What you have to do :: Retype the entries below exactly, and keep every picture out of your version.

Raw data ::
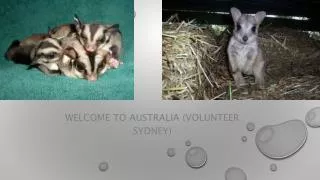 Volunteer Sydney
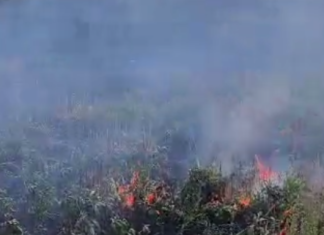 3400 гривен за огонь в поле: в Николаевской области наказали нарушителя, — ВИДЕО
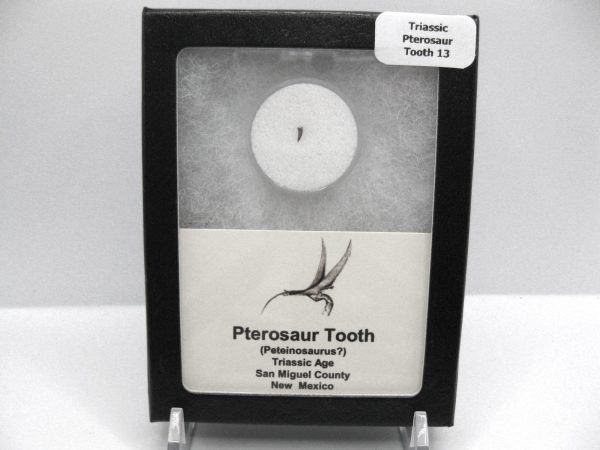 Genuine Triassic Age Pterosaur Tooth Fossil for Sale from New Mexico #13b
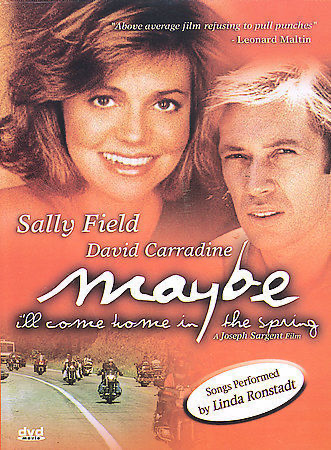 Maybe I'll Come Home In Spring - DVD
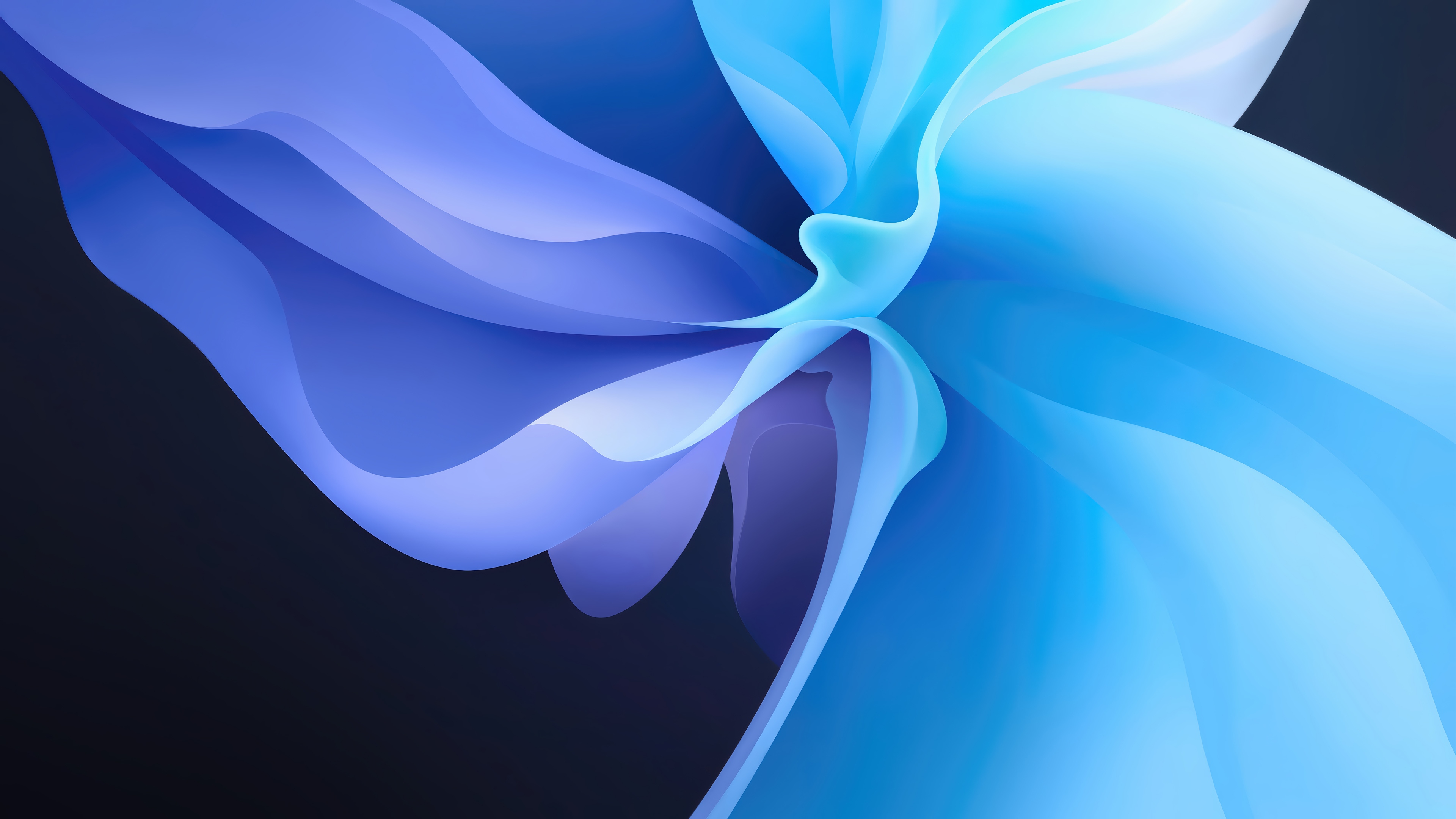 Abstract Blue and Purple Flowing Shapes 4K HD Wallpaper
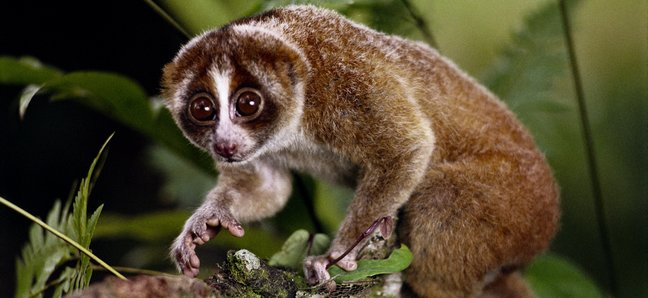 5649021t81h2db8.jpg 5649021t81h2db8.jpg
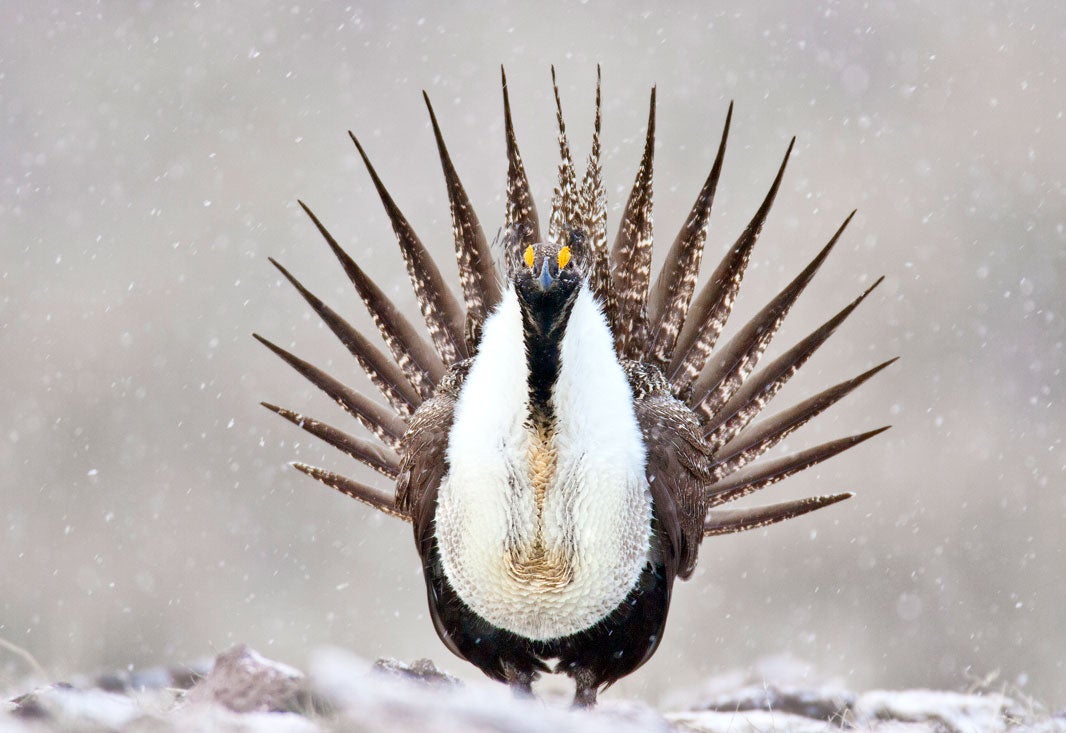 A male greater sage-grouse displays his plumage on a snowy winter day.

Solution for this exercise ::
 Volunteer Sydney
 3400 гривен за огонь в поле: в Николаевской области наказали нарушителя, — ВИДЕО
 Genuine Triassic Age Pterosaur Tooth Fossil for Sale from New Mexico #13b
 Maybe I'll Come Home In Spring - DVD
 Abstract Blue and Purple Flowing Shapes 4K HD Wallpaper
 5649021t81h2db8.jpg 5649021t81h2db8.jpg
 A male greater sage-grouse displays his plumage on a snowy winter day.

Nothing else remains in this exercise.